Our best hope, I think, is for younger researchers who have begun to understand the field's fundamental problems to actively advocate for a better way of doing things. Rather than adding our own share of scorn upon the Internet's latest Two Minutes Hate, we should sit down with our senior collaborators and try to persuade them that there's a better way of doing things. A way that yields more durable results and lets us tell fact from fantasy. A way that promises, through its pursuit of accurate prediction, to have greater translational application in medicine, public health, criminal justice reform, and policy making. Yes, doing things differently will mean both relearning and unlearning. Yes, this will mean that some of our past results, although dearly held, may evaporate under deeper scrutiny. Nevertheless, in the face of mounting challenges on both theoretical and technical grounds, we can no longer be a field that refuses to admit error. That ship has sailed, and isn't coming back.

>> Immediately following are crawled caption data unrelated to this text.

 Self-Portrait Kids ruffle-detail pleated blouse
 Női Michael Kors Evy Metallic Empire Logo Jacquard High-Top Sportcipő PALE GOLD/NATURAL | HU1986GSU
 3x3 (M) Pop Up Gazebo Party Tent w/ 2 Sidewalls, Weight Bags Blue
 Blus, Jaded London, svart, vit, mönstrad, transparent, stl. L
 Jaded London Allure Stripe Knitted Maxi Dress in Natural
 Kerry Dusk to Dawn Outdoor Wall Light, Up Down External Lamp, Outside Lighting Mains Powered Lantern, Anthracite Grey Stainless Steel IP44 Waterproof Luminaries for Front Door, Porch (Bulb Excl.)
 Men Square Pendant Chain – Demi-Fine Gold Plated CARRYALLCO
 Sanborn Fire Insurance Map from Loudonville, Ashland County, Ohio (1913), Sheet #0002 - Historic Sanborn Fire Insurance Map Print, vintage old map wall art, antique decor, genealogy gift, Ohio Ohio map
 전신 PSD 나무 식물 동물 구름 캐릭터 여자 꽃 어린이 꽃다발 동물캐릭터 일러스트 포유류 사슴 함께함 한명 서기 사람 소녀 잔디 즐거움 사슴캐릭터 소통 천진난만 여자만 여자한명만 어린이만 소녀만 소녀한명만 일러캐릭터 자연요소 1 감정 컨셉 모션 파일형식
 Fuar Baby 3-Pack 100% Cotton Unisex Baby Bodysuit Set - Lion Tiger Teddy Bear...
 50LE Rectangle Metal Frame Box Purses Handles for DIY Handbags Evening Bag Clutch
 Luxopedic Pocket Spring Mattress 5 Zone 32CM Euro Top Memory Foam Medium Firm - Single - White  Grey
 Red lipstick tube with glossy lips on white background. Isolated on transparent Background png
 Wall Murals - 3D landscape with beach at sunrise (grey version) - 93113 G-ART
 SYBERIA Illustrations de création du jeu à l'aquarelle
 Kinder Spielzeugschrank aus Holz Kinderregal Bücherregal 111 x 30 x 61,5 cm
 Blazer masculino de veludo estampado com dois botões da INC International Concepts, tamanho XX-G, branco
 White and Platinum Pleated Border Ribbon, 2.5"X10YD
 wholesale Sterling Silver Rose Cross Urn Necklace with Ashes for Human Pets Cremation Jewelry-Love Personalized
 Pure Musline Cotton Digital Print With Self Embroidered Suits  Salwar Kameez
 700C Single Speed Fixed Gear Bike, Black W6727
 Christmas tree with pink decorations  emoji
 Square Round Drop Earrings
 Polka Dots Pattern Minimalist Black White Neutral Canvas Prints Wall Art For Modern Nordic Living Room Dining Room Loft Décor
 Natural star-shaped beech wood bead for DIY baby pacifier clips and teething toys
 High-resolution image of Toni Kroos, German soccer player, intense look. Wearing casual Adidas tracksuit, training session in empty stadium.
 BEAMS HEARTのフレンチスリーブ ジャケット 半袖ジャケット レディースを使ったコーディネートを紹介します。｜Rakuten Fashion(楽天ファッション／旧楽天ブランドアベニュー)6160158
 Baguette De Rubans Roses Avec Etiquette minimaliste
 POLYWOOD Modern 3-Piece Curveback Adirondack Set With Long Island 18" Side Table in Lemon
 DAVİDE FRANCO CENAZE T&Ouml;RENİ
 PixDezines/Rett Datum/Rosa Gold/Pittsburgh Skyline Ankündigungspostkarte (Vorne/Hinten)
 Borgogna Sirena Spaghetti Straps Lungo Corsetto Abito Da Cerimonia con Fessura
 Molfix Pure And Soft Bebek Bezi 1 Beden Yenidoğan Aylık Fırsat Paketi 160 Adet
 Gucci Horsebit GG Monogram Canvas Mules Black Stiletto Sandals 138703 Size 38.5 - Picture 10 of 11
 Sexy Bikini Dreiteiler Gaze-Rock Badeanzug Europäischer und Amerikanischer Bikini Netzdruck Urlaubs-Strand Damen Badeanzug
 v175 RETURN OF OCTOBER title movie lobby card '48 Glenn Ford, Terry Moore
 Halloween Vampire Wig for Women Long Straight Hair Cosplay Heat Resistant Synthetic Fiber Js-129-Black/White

I hope this doesn't come across too harshly. I'm not on a very high horse here; I didn't see the replication crisis coming either, and was happy to do science the way I was trained until the rabble-rousers started asking the hard questions (like "How did Bem get such an obviously absurd result if he followed the proper procedure?"). I have the benefit of hindsight, but the good news is that so do all the rest of us, provided we look back and reflect on how we got here.

I'm trying to take the approach I've described, to the extent that I am able, and it's hard. Building models that make specific predictions has forced me to learn new skills that graduate school offered no training in, and that none of my mentors were able to help with beyond their patience and encouragement while I taught myself (which was invaluable, and for which I remain very grateful). Meanwhile, relating my experimental results to those predictions involves a level of minutiae that has been a tough sell with reviewers and, at times, with my collaborators. I know I'm not advocating an easy path, but I'm hopeful that it's a better one.